Although deep neural networks have shown high accuracy in fields like computer vision, natural language processing, and medicine, they often behave like black boxes. Avesh Singh and Kevin Wu explain the intuitions that went into building DeepHeart, a DNN that detects cardiovascular disease from heart rate data. Next, they explain techniques to debug DNNs, including visualizing activations and training on synthetic data. Avesh and Kevin also analyze gradients for recurrent neural networks, looking for ways to quantify the amount of information loss a network may be experiencing over time.

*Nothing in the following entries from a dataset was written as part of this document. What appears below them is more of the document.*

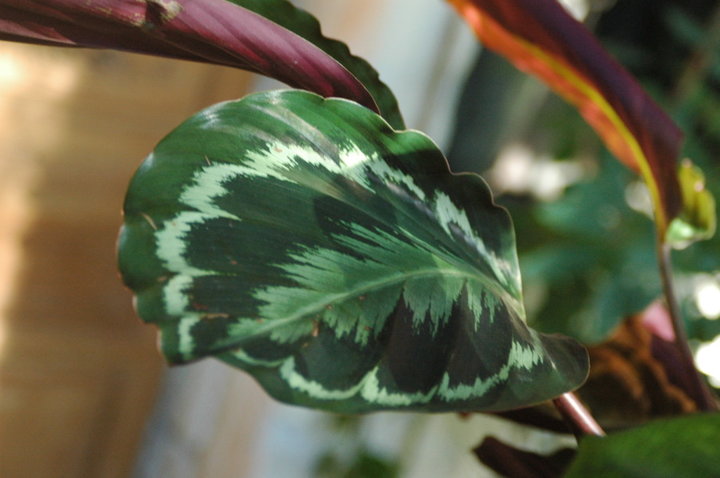 Calathea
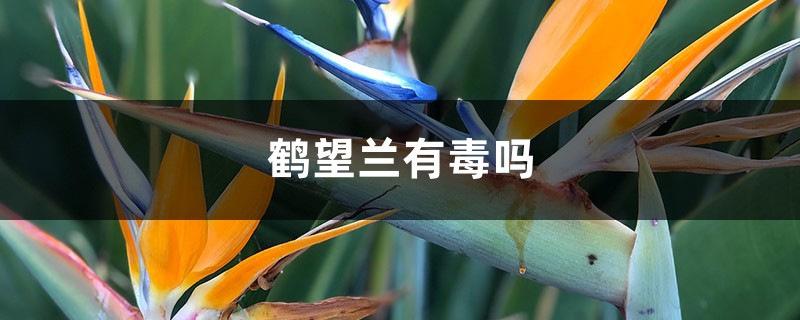 鹤望兰有毒吗 鹤望兰有毒吗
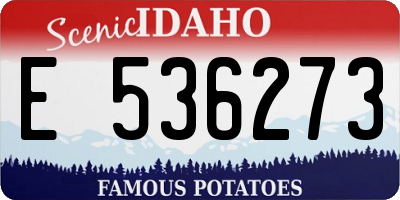 ID license plate E536273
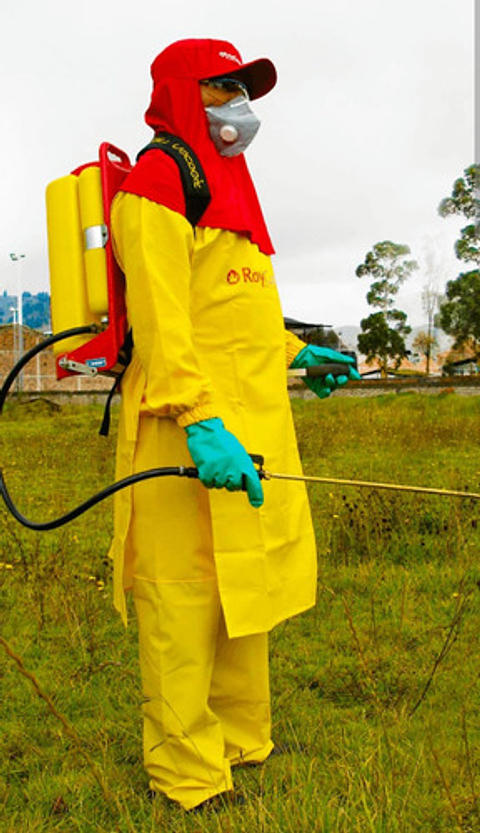 Tapaboca Mascarilla Royal Condo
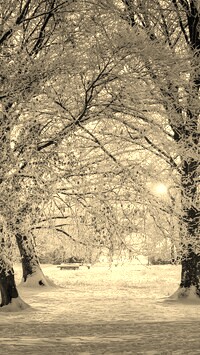 Szary + Sepia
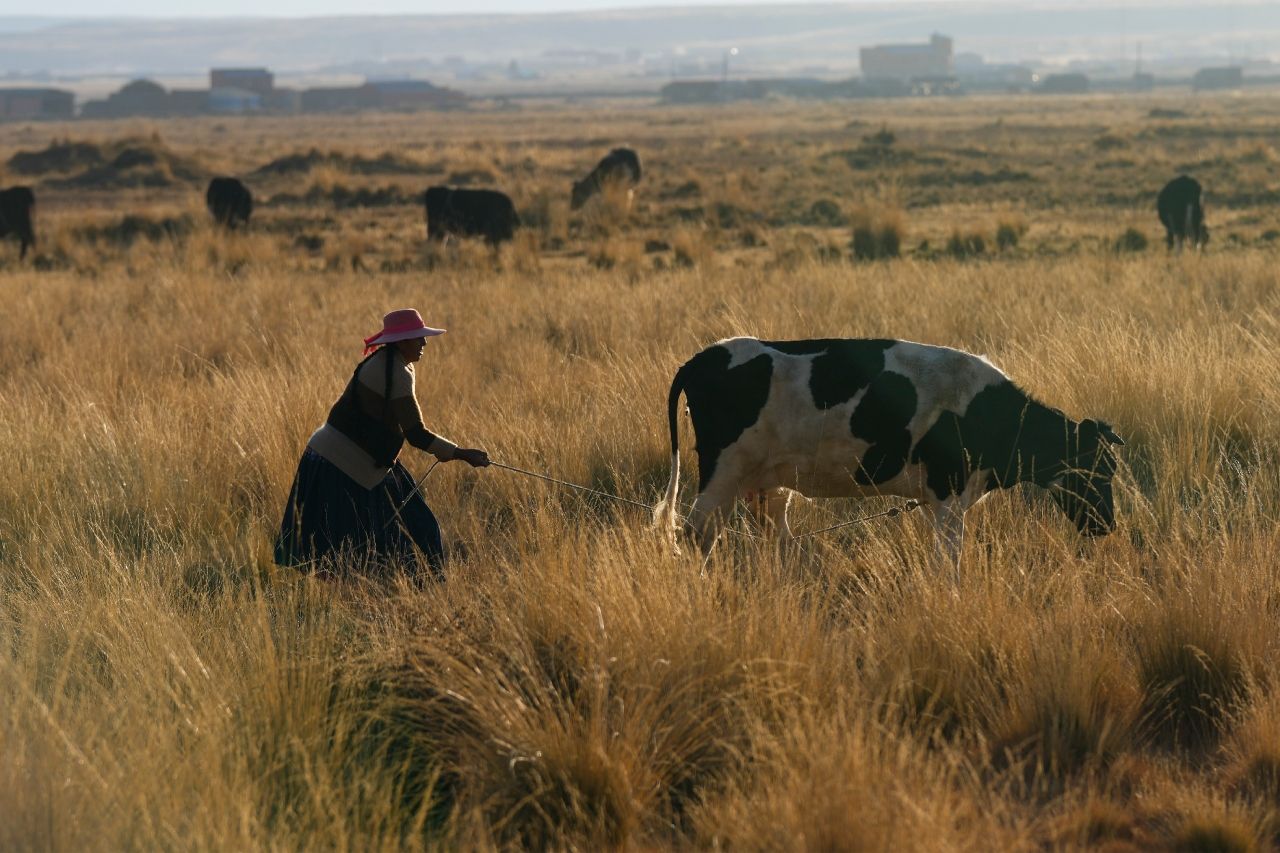Las mejores fotos de la semana en América Latina: AP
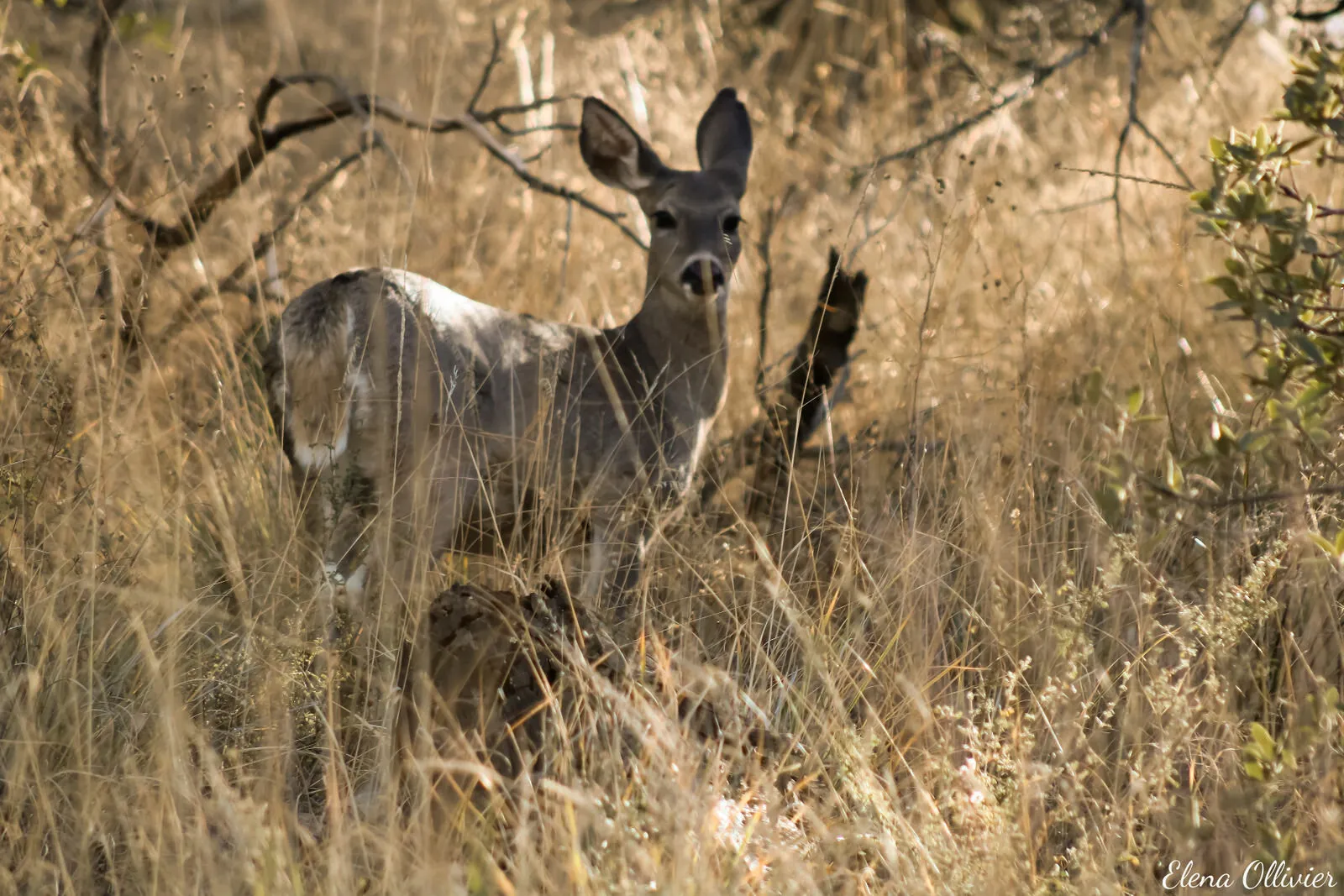 Coues whitetail deer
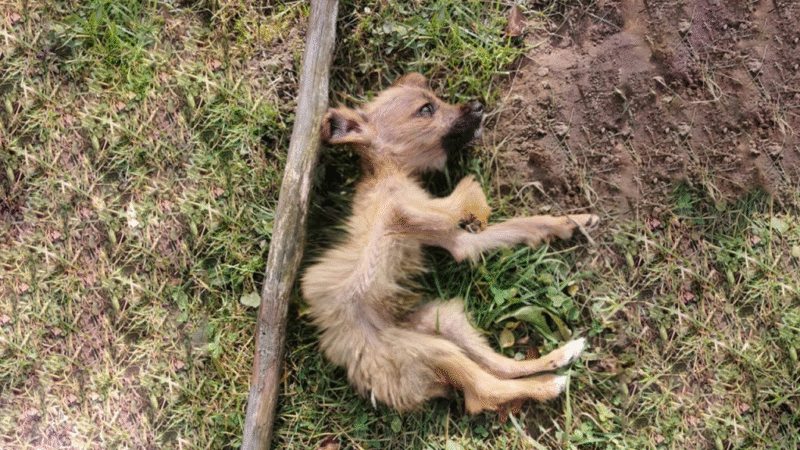 Puppy’s Journey from Desolation to Joy: A Heartwarming Tale of Second Chances and Healing..b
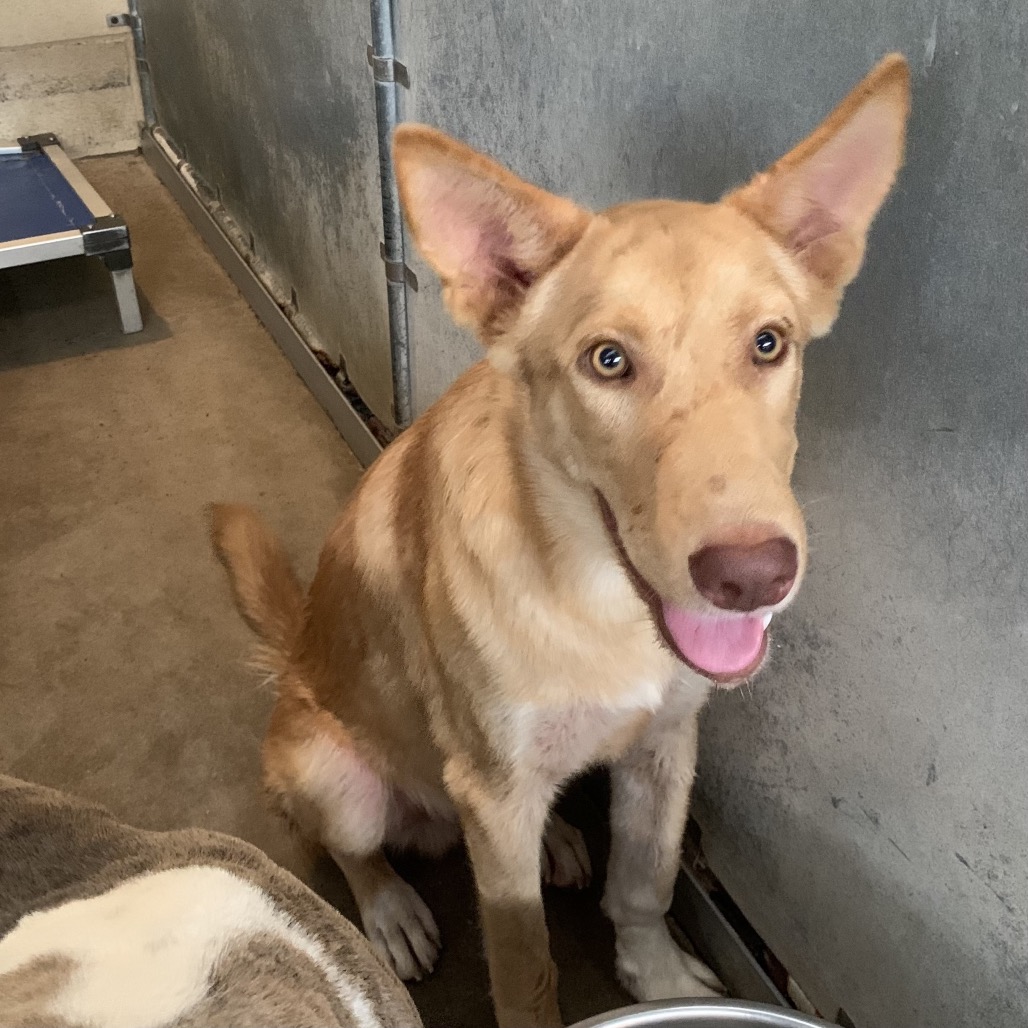 BLIP - Shepherd / Mixed Breed (Medium) available for adoption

You’ll leave this talk with a greater understanding of how to design and debug a deep neural network for your machine learning task.

Photo of Avesh Singh

Avesh Singh


Avesh Singh is an engineer at Cardiogram, a startup that applies deep learning to wearable data. Previously, Avesh worked at Nest Labs and Google. He holds a a BS and MS in computer science from Carnegie Mellon University.

Photo of Kevin Wu

Kevin Wu


Kevin Wu is an engineer at Cardiogram, a startup that applies deep learning to wearable data. Previously, Kevin worked at Two Sigma and Credit Suisse. He holds a BS and MS in computer science from Stanford University.